BFG packs the vertex->joint mappings and weights into the original mesh's "color" settings. I'll have to check whether we use vertex coloring for any light interactions. If we do, then we can't do that. Ideally we'd find somewhere else to put them so we maintain maximum flexibility.

SteveL

SteveL

03.01.2015 12:38

reporter   ~0007296

Last edited: 03.01.2015 16:05

Fortunately, there's not much code that creates VBOs, and even less that's used by MD5 meshes. It all sits in idVertexCache, ::Alloc() and ::AllocFrameTemp(). This is a clean design and it shouldn't be too hard to work with.

::AllocFrameTemp() deals with the memory meant to be used for single-frame meshes. Two buffers are maintained of 2mb each, so that one can be written to while the other is being read from ("double-buffered"). In theory anyway. We don't need it while we are using single-threaded architecture, and it isn't used much. Only used by gui drawing, weather patches, skybox texgens, and some decals.

::Alloc() is the one used by md5 meshes (as well as the rest of the world's solid objects).

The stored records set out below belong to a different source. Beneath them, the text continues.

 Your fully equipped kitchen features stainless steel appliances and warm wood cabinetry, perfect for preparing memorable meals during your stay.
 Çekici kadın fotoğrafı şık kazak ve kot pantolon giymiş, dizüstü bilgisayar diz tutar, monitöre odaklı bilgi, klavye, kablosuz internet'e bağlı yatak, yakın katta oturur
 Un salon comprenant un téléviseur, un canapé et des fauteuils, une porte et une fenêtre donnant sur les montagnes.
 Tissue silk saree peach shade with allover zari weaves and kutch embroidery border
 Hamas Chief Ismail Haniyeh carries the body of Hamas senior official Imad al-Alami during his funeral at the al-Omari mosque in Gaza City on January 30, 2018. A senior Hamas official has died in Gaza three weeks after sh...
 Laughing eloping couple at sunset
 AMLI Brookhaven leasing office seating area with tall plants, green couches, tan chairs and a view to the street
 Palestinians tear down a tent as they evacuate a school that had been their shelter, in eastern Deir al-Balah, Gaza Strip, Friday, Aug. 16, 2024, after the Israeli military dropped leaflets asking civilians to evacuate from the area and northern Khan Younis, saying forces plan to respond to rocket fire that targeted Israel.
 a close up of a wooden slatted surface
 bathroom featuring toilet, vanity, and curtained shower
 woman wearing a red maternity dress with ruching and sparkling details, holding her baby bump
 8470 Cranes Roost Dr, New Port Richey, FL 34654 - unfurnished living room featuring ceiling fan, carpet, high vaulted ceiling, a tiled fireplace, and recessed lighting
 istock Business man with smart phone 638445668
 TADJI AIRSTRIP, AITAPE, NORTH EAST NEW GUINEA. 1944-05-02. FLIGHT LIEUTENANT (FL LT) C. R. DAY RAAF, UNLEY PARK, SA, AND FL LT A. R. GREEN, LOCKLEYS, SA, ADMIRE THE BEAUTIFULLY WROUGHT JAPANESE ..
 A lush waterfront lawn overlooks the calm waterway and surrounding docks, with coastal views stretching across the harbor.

Only 2 functions pass lists of mesh vertices to the GPU (they use "Alloc"):
- R_CreateAmbientCache -- which does visible surfaces
- R_CreateVertexProgramShadowCache -- which does shadow volumes

For a static model, this only needs doing once at map start. For md5 meshes, it's done every frame while they are in view.
Those functions pass the entire mesh to the GPU. Individual lights will hit subsections of those meshes.

Only 2 functions pass indexes to the GPU. The indexes are what specifies subsections of the meshes loaded above, for individual light interactions:
- idInteraction::AddActiveInteraction -- which deals with lit materials and shadow volumes
- R_AddAmbientDrawsurfs -- which deals with unlit materials (or unlit stages of a material decl)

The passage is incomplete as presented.